Recorded data:

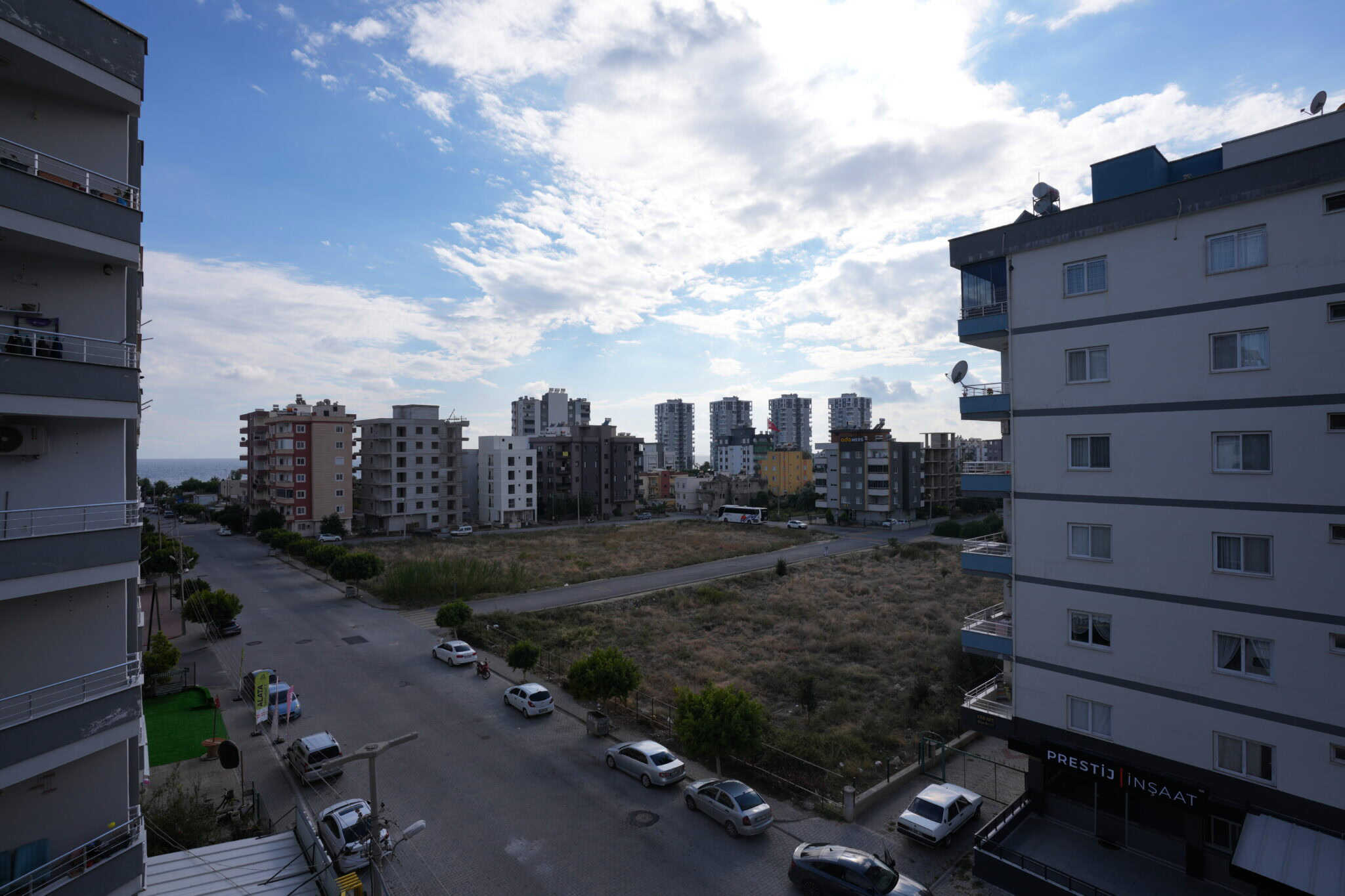 Mersin Erdemli Alata Mahallesi 3+1 Satılık Daire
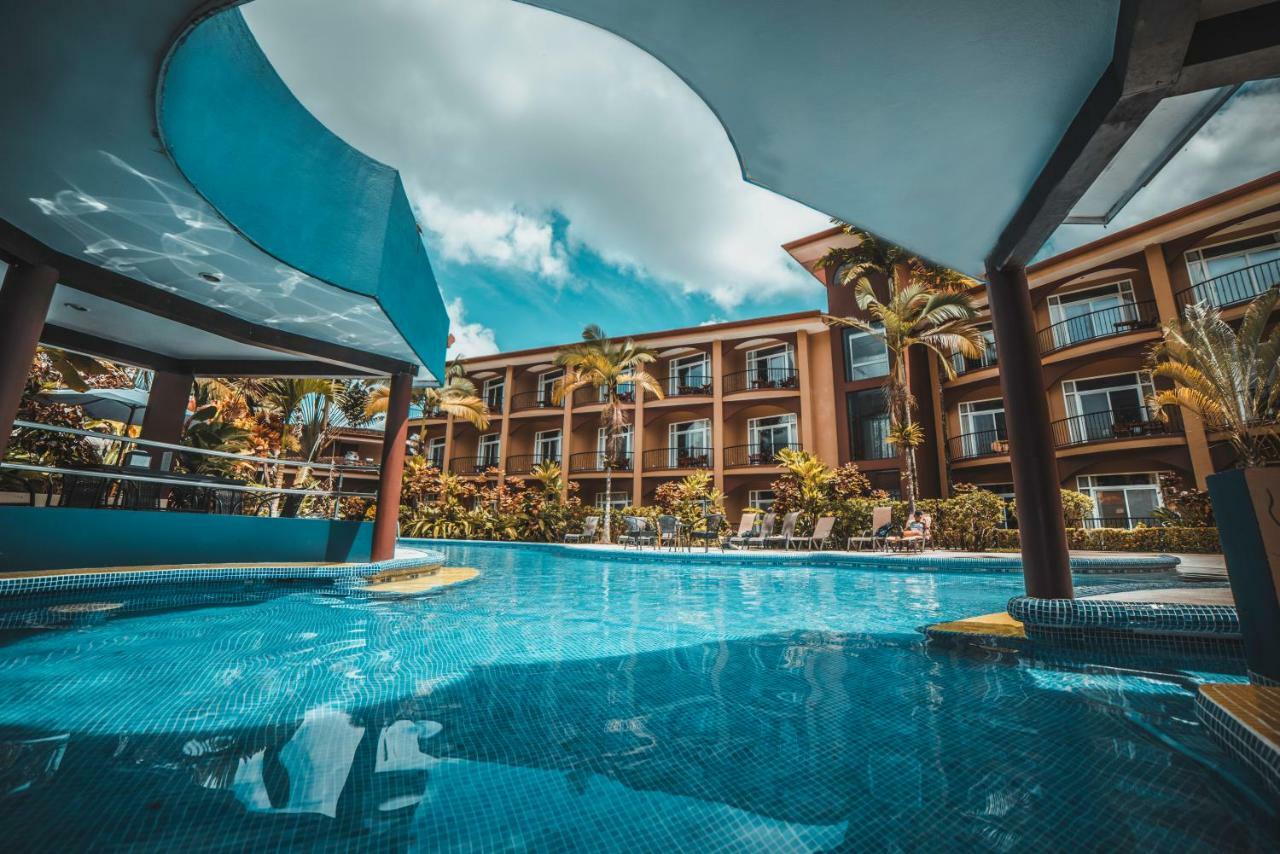 Hotel Magic Mountain La Fortuna ภายนอก รูปภาพ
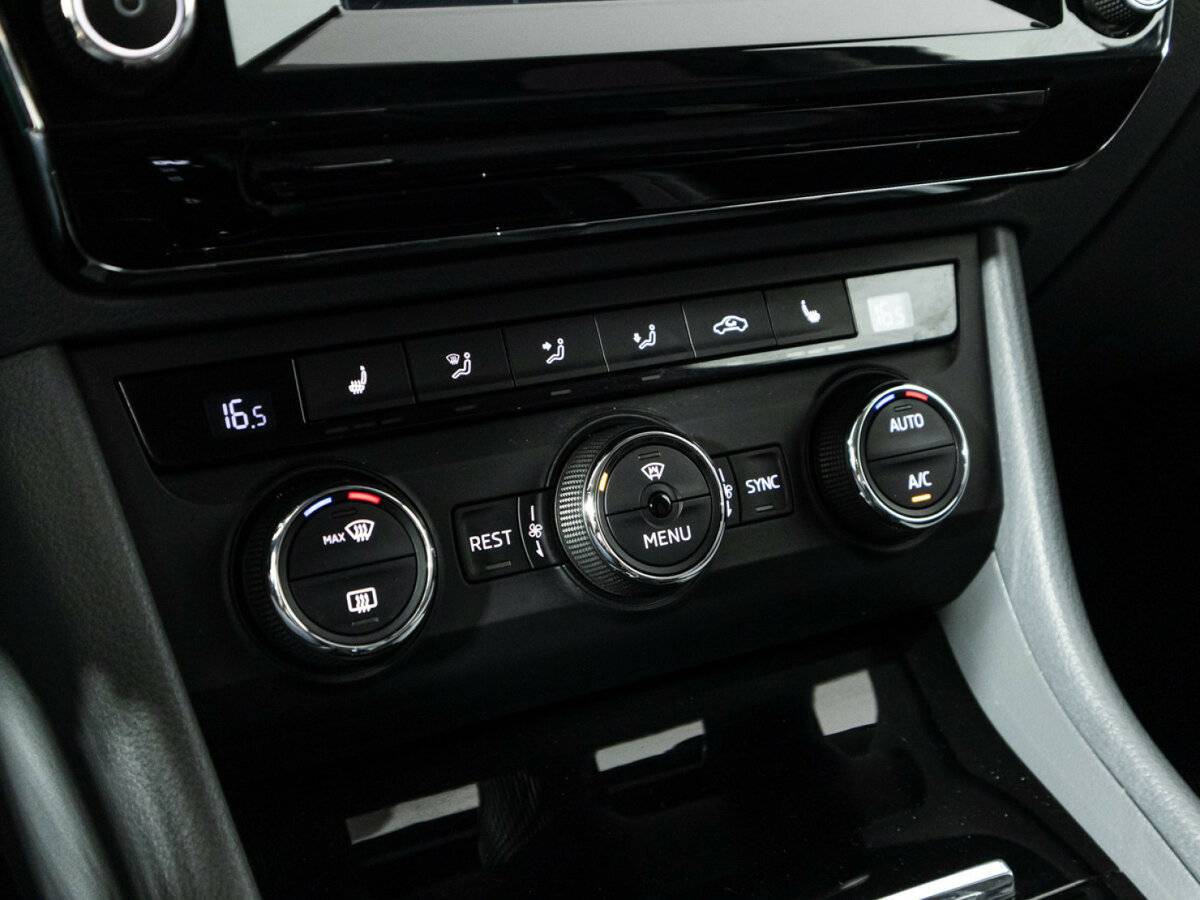 Купить Skoda Superb, 2015, 99 267 км.. Фото: #17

Task: Because the copy must hold no pictures, return only the lines that run from the line containing "Hotel Magic Mountain" to the end of the data above, each exactly as it stands.

Answer area:
 Hotel Magic Mountain La Fortuna ภายนอก รูปภาพ
 Купить Skoda Superb, 2015, 99 267 км.. Фото: #17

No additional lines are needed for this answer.